Ambisonic decoders vary in their sophistication but there is normally some sort of facility to adjust the 'sharpness' of imaging in the 'preferred direction' (usually the front). Many of the more sophisticated decoders also incorporate a 'Super-Stereo' mode which uses much of the Ambisonics psychoacoustic decoding principles on stereo material which is not UHJ-encoded. It works well on multitrack studio material or coincident-pair stereo recordings, but can be extremely unpredictable on recordings with timing differences between channels (eg. recordings made with spaced-pair or Decca-Tree mic arrays).
Since the 5.1 surround sound format is defined as a loudspeaker arrangement, there is no reason why surround material should not be captured with a Soundfield mic (or other Ambisonics-compatible mic array) and subsequently decoded into a form suitable for 5.1 replay.
That is precisely what Soundfield have to offer with their new SP451 Surround Processor. This 1U rackmount unit is, in effect, a dedicated decoder which accepts B‑format input signals from a Soundfield mic system (Mark V or ST250, for example) or a four-channel B‑format recording, and effectively produces the appropriate D‑format signals corresponding to a standardised 5.1 loudspeaker arrangement. Incidentally, it seems that people are beginning to describe this kind of output (ie. B‑format decoded to 5.1-compatible signals) as the G‑format.
The advantage of the G‑format is that Ambisonically recorded material can be played back within a 5.1 production without the need for a domestic Ambisonics decoder. However, the disadvantage over the original B‑format is the inability to decode the signal to accommodate any number of loudspeakers (in any position) — the speaker positions and numbers are defined by the nature of the 5.1 system — and there is no ability to resolve height information.
Whilst it is unlikely that Ambisonics will ever become a major release format in its own right — there are far too many vested interests in other discrete-channel formats — it is certainly far from outdated, and is actually showing every sign of becoming a significant and very flexible element in the origination and post-production of surround material. Not bad for a 30-something!
In Part 4, I will explain discrete-channel surround, focusing on 5.1 surround and DVD systems, as these seem to offer the greatest commercial potential at present.
Although it might not seem an obvious choice at first, there are a number of advantages to using the B‑format for the production of surround material. For a start, an Ambisonics system requires just four full-bandwidth channels, not five and a little bit (or seven, or more...)!

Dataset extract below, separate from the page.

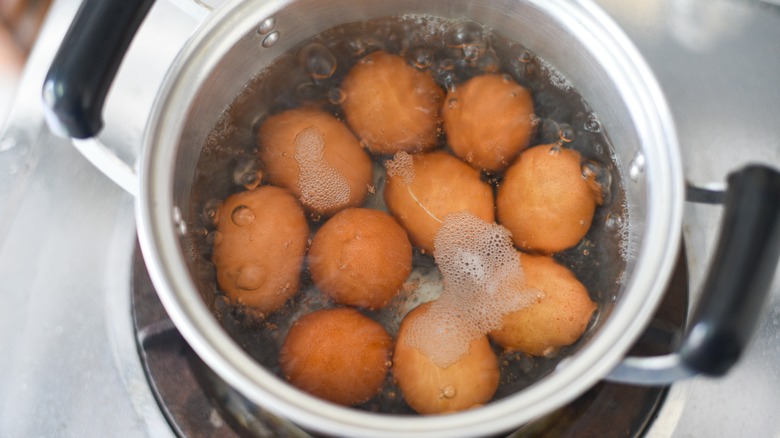 eggs boiling in pot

Secondly, the process of 'folding-down' multi-channel mixes to stereo and mono is much easier than with surround signals from spaced microphone arrangements, because B‑format signals' inherent time-coincidence means that there are no phase problems when the signals are combined.

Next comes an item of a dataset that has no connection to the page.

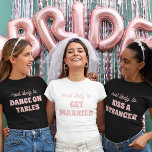 Camiseta Festa de solteira Mais Provável Para Casar<br><div class="desc">Traga um toque de antecipação divertida para as festividades da solteira com esta charmosa e personalizável design de camiseta! Apresentando a frase perfeitamente adequada "mais provável de CASAR-SE" em delicadas letras cor-de-rosa contra um fundo branco nítido, esta design é doce e indecente. É uma escolha ideal para a noiva ser...</div>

Thirdly, the nature of the B‑format is that it is output-independent — in other words, a B‑format master can be decoded to suit any present or future loudspeaker configuration. The format only stores information about the original sound localisation, not its reproduction. Consequently, if the recently proposed 12-channel 10.2 loudspeaker format becomes fashionable in a few years, a B‑format master would only have to be passed through a suitable decoder to recondition the material.